I have the following optimization problem:
$$ \min_\mathbf{x}\|\mathbf{a+Bx}\|^2 ~~\text{s.t}~~ \|\mathbf{y+Ax}\|_\infty \leq \beta\|\mathbf{y}\|_\infty ~~,~~ \|\mathbf{x}\|^2 \leq \alpha^2$$ where $\mathbf{a} \in \mathbb{C^{M\times 1}}$, $\mathbf{B} \in \mathbb{C^{M\times N}}, \mathbf{A} \in \mathbb{C^{K\times N}}$ and $\mathbf{y \in \mathbb{C^{K\times 1}}}$. $\alpha, \beta$ are constants.

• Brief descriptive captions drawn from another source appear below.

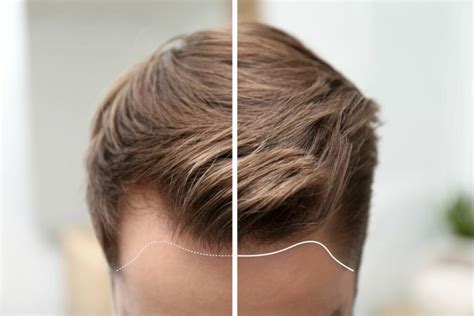Haartransplantation Bei Blonden Haaren Tophairclinic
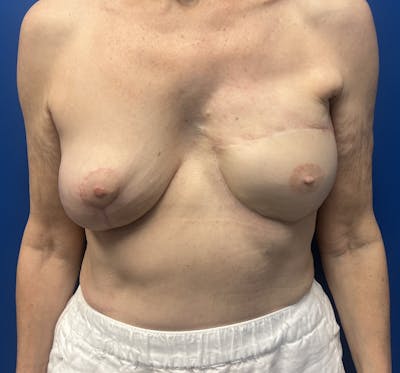 DIEP Flap Reconstruction Before & After Gallery - Patient 331003 - Image 2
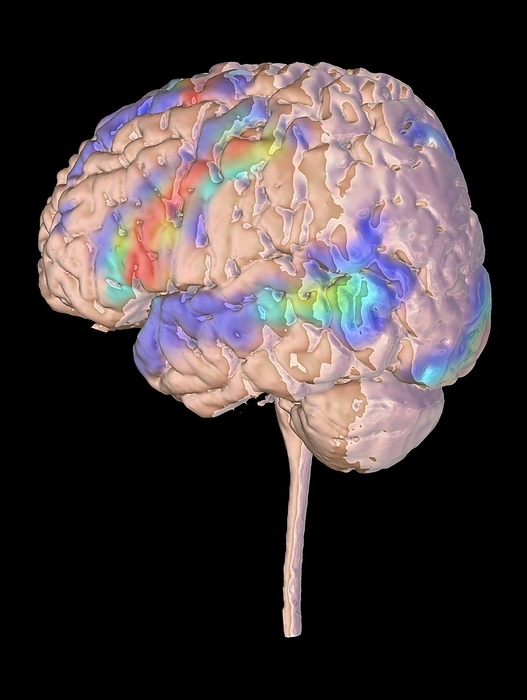 Brain activity during a visual language task, fMRI scan Composite image of the results of a functional magnetic resonance imaging  fMRI  scan overlaid on a model of the brain. fMRI studies show areas of the brain with increased activity during particular tasks. This scan shows the results of a visual sentence completion task, which activated Broca s area in the left frontal  left  lobe and Wernicke s area in the left temporal lobe. Broca s area is linked to speech production, while Wernicke s area is involved in the comprehension of written and spoken language. Areas of the visual cortex at the rear  right  of the brain are also activated., by K H FUNG SCIENCE PHOTO LIBRARY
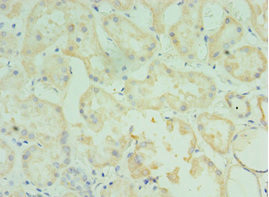 TMOD3 Antibody in Immunohistochemistry (Paraffin) (IHC (P))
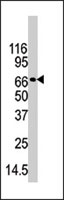 PAB2519 - PADI4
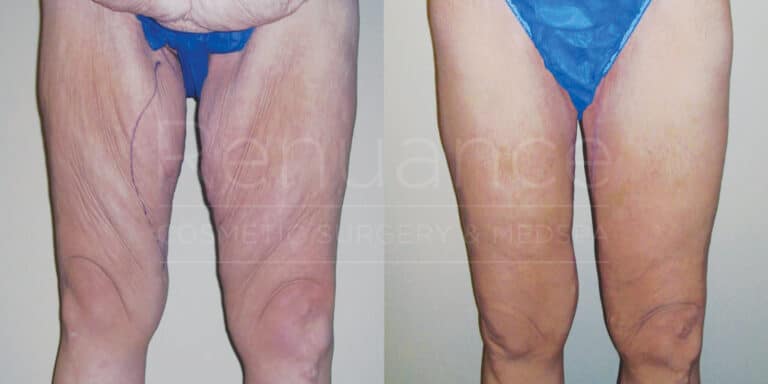 A before-and-after image showing the results of a cosmetic or medical procedure on the upper thighs. The left side displays loose skin and sagging on the thighs, while the right side shows tightened and smoother skin in the same area. The person is wearing blue undergarments in both images.
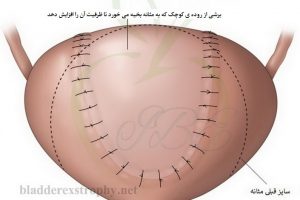 افزایش حجم مثانه به کمک برشی از روده ی کوچک.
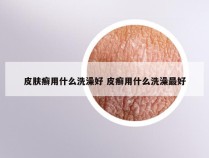 皮肤癣用什么洗澡好 皮癣用什么洗澡最好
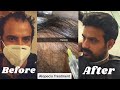 Hair loss treatment of my husband | PRP Microneedling | hair regrowth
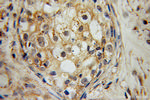 RAMP2 Antibody in Immunohistochemistry (Paraffin) (IHC (P))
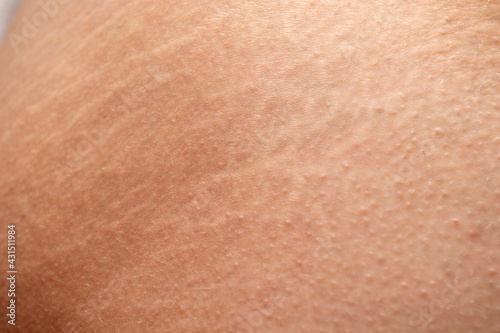 Skin with stretch marks. Stretch marks of butt skin. Female buttocks with stretching marks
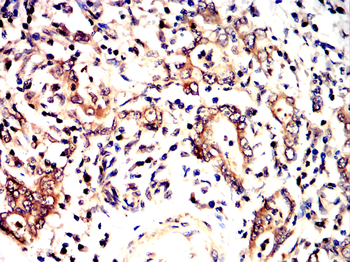 BMPR2 Antibody
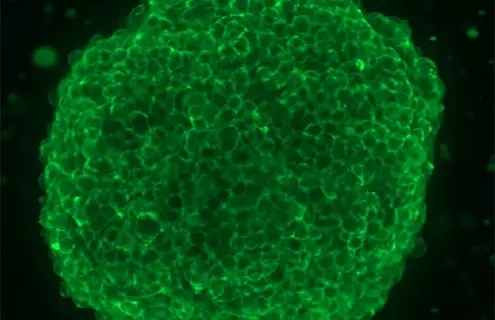 A bright-green, fluorescent, EGFR stain sphere with a black background.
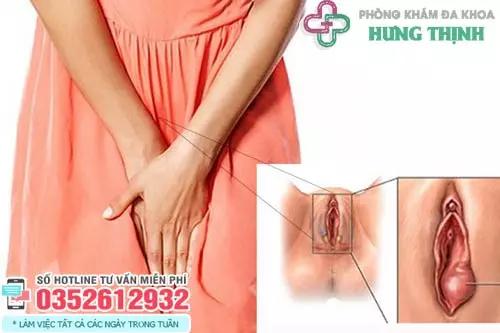 Môi lớn bị sưng 1 bên đau rát và ngứa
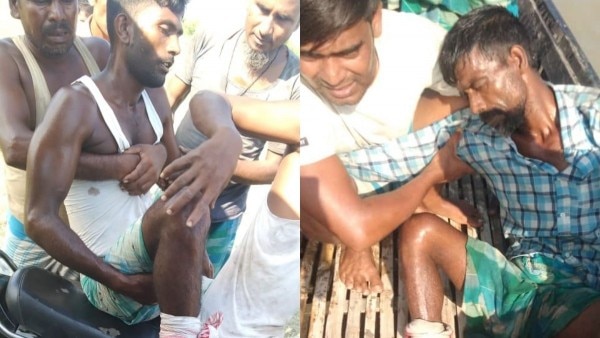 हिंसा में घायल लोग. (तस्वीरें- आजतक/इंडिया टुडे) assam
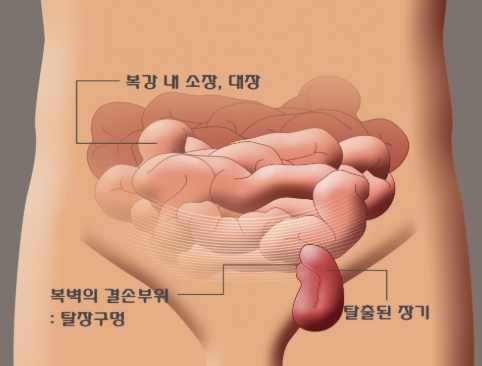 탈장
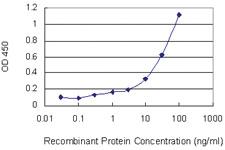 Anti-DCTN1 Mouse Monoclonal Antibody [clone: 1E12]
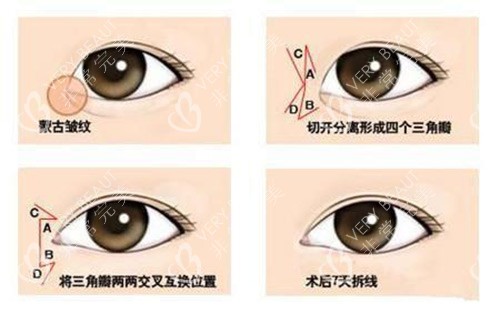 眼整形示意圖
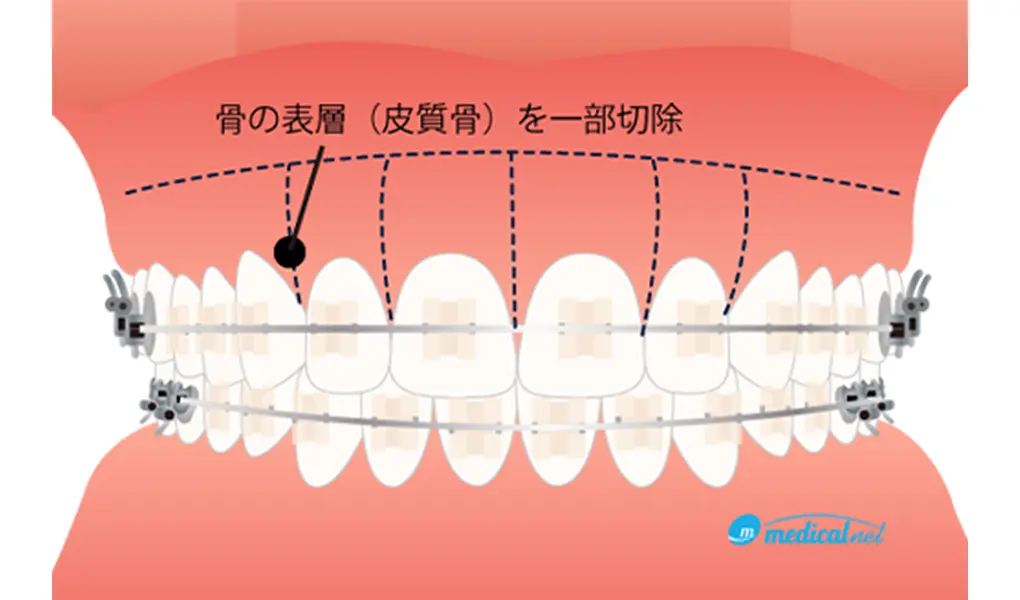 コルチコトミー（歯槽骨皮質骨切除術）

I was wondering under what class of optimization problems does this problem falls and whether the infinity norm constraint is a convex set. Without the infinity norm constraint, the problem is a least squares with a quadratic constraint problem. Any help is appreciated.

Answer 1

You can rewrite the infinity norm constraints as a set of linear inequalities. $$ \text{max}_i (| (y + Ax)_i |) \leq \beta \ || y ||_{\infty} $$ Therefore, $$ (y + Ax)_i \leq \beta \ || y ||_{\infty} \quad i = 1,\dots,\mathbb{K}.$$ and $$ -(y + Ax)_i \leq \beta \ || y ||_{\infty} \quad i = 1,\dots,\mathbb{K}.$$

Answer 2

The $\|.\|_{\infty}$, like any other norm, is a convex function (because of the triangle inequality). The constraint using the infinity norm describes a set of $n$ second-order cones: $$ \|(y + Ax)_i\|_2 \leq \beta \|y\|_{\infty},\ \text{for } i = 1,..,k $$ or $$ \lvert(y + Ax)_i\rvert \leq \beta \|y\|_{\infty},\ \text{for } i = 1,..,k $$ The quadratic constraint is another second-order cone.
Your problem therefore is a second-order cone program, and can be solved 'easily' using convex programming methods.

Answer 3

Here are some useful facts:

1. If $f$ is convex and $T$ is affine, then $g(x) = f(T(x))$ is convex.
2. Any norm is a convex function, including the $\infty$-norm.
3. The function $f(x) = \|x\|^2$ is convex. (Here $\|x\|$ is the $2$-norm of $x$.)
4. If $f$ is convex and $c$ is a real number, then $\{x \mid f(x) \leq c \}$ is a convex set.

These facts show that your optimization problem is convex. Boyd and Vandenberghe (free online) is a good reference for this material.